The IAD did not openly contribute to the candidacy of James Webb in Virginia but was quick to hail the outcome in a race that finally landed the 110th Senate in the lap of the Democratic Party.
Just a few weeks ago, Republican George Allen, the incumbent senator in Virginia, was being widely spoken of as a leading GOP presidential hopeful for 2008.
But in the end the victory and the spoils went to Webb, a decorated Vietnam veteran and a onetime Republican who served in the Reagan administration as Deputy Defense Secretary and Navy Secretary.
As the campaign came down to the wire, Allen attempted to portray his opponent as sexist, not just because he had once opposed women in the military but also because of some steamy scenes in the half dozen novel written by the onetime Marine.
Allen should have skipped the novels and read instead Webb’s homage to
his Scots Irish ancestors, published three years ago under the title “Born
Fighting, How the Scots Irish Shaped America.”
In the book, Webb reminds Americans what they owe much to those who fled the northern counties of Ireland, most especially in the in 18th century, and forged the frontier that would become the well spring for modern America.
Webb, who lays claim to both Catholic and Protestant, Scots and Irish roots, sets out his stall in precise terms with the very last paragraph in “Born Fighting.”
He writes: “Who are we? We are the molten core at the very center of unbridled, raw, rebellious spirit of America. We helped build this nation, from the bottom up. We face the world on our feet and not on our knees. We were born fighting. And if the cause is right, we will never retreat.”
Webb was true to his word and will advance into the 110th Congress, a Democratic mirror image of the GOP’s John McCain, another Vietnam Hero with a stirring Scots-Irish pedigree.
THE GUBERNATORIAL RACES
Voters chose 36 governors last week. The voters in Maryland not only got themselves a new chief executive for their state but also the rebirth of Martin O’Malley’s Celtic rock band, O’Malley’s March.
“Win or lose, the band’s coming back,” O’Malley said before voting day.
The question is whether O’Malley will now have time to front his old ensemble.

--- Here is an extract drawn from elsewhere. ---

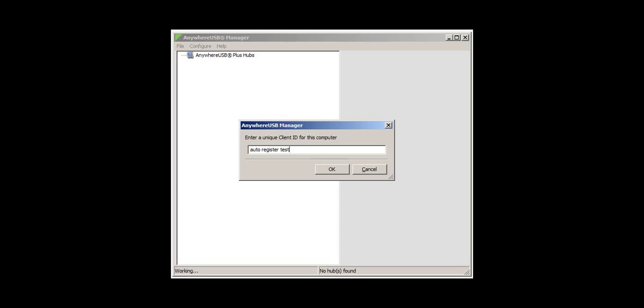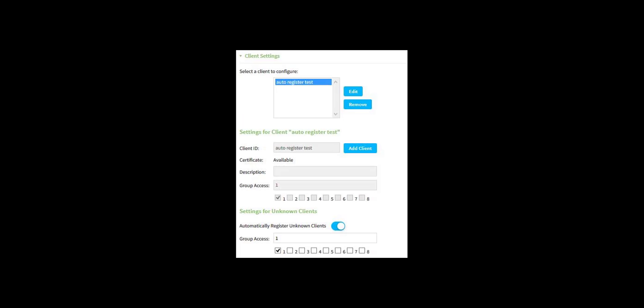From the Anywhere USB Manager, each host computer simply needs to enter a unique client ID. The Anywhere USB Plus Hub Administrator can confirm from the Anywhere USB Plus Web UI that the client ID was automatically added or registered.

Vary much a politician on a roll, O’Malley can now lay claim to a front line leadership position, not just in the Democratic party, but in Irish America. O’Malley’s win in Maryland was the flip side of the Massachusetts gubernatorial outcome where an African American, Deval Patrick, romped home with an Irish American running mate.
O’Malley, who is Irish American to the hilt, and, he would argue, beyond even that, was partnered in the Maryland contest by an African American.
Both O’Malley and Patrick were supported by Irish-American Democrats as were John Lynch in New Hampshire, Jim Doyle in Wisconsin and Eliot Spitzer in New York.
Spitzer will take over in January from the outgoing Republican George Pataki, who has been an unquestionable friend to Irish America over the course of his three terms.
Spitzer, who has already visited Ireland, will be expected to maintain such a positive profile with his Irish-American constituents as his first term unfolds.